What you have to do: Among the entries below, extract exactly the lines that run from the one with "圖：中大家族企業研究中心昨獲" through the one with "Renault Captur 1.3 TCe Exclusive EDC - 25", both ends included.

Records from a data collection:
□ □ □ □ □ □ □

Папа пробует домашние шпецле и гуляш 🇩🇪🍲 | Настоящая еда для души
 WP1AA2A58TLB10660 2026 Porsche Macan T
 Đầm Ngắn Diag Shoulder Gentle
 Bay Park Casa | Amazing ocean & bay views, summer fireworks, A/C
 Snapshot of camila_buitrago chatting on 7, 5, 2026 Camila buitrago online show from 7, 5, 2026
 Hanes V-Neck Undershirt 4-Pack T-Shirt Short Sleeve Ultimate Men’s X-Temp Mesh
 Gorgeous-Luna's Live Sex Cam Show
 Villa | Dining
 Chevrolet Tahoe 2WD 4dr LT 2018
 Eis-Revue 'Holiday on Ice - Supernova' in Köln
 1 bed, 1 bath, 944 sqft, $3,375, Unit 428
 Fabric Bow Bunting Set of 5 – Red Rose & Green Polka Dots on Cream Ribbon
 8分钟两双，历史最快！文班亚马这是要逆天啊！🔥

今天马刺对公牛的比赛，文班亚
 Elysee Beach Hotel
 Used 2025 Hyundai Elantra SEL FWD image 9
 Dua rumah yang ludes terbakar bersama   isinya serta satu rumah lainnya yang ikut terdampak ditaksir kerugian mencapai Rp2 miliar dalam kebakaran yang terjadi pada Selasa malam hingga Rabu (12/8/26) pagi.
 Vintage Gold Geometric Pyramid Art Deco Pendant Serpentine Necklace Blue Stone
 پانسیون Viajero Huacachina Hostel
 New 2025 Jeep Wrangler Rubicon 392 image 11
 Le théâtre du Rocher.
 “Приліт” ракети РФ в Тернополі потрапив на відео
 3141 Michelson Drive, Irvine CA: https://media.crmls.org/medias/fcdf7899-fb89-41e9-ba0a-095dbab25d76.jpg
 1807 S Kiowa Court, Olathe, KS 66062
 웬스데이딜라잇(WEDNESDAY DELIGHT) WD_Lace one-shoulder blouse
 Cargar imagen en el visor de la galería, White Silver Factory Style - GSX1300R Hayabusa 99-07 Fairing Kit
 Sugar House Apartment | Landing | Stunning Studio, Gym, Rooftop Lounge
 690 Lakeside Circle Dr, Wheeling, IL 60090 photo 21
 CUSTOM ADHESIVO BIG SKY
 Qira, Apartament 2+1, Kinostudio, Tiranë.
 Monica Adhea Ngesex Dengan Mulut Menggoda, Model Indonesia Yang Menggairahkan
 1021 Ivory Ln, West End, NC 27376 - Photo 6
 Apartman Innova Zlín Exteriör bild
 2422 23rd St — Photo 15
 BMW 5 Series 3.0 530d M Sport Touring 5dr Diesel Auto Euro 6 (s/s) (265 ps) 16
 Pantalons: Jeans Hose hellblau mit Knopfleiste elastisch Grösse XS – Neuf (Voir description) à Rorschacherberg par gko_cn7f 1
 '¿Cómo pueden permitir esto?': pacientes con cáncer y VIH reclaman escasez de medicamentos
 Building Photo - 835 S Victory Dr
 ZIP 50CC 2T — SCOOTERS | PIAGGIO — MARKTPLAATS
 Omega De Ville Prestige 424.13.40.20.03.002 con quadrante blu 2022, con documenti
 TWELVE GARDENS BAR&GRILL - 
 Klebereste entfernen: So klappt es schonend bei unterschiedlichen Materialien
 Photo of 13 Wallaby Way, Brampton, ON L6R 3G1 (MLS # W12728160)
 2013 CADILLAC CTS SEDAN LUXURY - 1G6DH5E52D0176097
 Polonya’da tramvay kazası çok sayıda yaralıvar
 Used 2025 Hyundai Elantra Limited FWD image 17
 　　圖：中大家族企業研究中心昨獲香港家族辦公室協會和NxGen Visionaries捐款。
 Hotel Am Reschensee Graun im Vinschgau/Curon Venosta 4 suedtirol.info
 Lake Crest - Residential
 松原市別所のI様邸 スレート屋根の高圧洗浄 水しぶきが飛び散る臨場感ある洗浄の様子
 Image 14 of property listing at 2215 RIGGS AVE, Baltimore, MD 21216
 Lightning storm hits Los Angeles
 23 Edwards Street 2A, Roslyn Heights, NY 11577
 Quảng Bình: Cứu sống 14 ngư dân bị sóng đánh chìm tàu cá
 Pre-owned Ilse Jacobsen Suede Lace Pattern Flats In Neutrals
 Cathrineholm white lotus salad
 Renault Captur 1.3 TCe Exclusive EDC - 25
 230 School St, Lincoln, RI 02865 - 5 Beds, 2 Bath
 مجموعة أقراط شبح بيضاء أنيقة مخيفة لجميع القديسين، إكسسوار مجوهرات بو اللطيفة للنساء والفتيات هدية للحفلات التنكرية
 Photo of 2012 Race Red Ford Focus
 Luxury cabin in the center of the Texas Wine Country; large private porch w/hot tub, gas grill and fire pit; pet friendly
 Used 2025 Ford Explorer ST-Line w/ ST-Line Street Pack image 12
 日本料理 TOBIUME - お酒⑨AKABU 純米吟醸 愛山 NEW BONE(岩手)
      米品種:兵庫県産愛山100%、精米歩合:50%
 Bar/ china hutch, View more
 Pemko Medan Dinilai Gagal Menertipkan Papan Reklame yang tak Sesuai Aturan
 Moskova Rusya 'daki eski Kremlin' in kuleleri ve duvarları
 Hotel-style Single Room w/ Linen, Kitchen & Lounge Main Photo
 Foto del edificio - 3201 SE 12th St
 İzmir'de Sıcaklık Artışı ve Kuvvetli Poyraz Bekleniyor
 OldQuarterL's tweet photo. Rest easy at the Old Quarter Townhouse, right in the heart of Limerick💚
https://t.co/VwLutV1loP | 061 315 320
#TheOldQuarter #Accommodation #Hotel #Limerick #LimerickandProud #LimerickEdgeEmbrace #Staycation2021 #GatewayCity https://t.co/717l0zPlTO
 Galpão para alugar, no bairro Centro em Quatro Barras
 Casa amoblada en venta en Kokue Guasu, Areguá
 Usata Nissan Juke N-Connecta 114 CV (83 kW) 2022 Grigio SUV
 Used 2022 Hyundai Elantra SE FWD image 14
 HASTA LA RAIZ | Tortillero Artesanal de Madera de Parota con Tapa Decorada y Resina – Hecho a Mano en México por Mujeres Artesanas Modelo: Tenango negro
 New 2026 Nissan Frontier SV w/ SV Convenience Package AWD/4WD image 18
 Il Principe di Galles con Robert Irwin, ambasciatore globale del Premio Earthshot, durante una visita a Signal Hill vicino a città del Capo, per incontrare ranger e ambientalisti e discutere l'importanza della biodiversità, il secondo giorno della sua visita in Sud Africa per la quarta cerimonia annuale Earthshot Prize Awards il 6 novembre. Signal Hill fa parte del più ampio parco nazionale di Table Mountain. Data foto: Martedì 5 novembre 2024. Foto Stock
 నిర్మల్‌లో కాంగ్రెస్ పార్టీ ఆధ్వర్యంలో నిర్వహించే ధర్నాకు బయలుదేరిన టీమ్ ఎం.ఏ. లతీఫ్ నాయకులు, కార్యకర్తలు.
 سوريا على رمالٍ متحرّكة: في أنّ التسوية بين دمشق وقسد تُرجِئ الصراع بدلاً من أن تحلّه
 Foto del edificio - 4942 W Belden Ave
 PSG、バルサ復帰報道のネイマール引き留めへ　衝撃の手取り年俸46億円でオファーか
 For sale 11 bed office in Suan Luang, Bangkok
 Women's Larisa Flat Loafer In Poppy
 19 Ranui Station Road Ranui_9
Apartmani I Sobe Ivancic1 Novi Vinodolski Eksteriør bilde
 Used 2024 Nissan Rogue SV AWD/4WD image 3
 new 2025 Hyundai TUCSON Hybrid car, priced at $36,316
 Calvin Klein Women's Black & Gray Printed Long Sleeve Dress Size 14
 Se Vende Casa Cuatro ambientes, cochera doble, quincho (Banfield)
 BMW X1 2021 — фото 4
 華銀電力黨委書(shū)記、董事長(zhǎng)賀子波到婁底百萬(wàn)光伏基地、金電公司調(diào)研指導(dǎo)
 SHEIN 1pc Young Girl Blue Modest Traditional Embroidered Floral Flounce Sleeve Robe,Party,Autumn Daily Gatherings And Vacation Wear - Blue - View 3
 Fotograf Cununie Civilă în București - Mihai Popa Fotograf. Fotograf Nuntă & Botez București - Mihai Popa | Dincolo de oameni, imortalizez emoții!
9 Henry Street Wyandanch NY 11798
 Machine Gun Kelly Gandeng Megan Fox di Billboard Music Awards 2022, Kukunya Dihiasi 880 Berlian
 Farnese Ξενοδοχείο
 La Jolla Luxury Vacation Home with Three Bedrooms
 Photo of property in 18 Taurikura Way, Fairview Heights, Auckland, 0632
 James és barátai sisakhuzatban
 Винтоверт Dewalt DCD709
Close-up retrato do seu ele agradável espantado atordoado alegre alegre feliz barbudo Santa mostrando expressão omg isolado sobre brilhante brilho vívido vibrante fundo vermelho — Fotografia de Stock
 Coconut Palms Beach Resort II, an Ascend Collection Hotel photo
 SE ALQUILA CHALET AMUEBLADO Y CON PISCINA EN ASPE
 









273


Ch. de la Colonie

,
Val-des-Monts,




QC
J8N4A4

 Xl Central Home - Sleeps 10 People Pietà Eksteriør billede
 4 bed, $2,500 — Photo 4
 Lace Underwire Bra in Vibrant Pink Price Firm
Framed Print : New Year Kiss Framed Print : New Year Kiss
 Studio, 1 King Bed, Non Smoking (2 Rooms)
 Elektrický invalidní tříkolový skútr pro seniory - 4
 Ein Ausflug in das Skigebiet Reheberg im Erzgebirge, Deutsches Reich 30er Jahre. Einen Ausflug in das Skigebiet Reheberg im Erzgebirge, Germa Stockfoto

□ □ □ □ □ □ □

Exercise result:
 　　圖：中大家族企業研究中心昨獲香港家族辦公室協會和NxGen Visionaries捐款。
 Hotel Am Reschensee Graun im Vinschgau/Curon Venosta 4 suedtirol.info
 Lake Crest - Residential
 松原市別所のI様邸 スレート屋根の高圧洗浄 水しぶきが飛び散る臨場感ある洗浄の様子
 Image 14 of property listing at 2215 RIGGS AVE, Baltimore, MD 21216
 Lightning storm hits Los Angeles
 23 Edwards Street 2A, Roslyn Heights, NY 11577
 Quảng Bình: Cứu sống 14 ngư dân bị sóng đánh chìm tàu cá
 Pre-owned Ilse Jacobsen Suede Lace Pattern Flats In Neutrals
 Cathrineholm white lotus salad
 Renault Captur 1.3 TCe Exclusive EDC - 25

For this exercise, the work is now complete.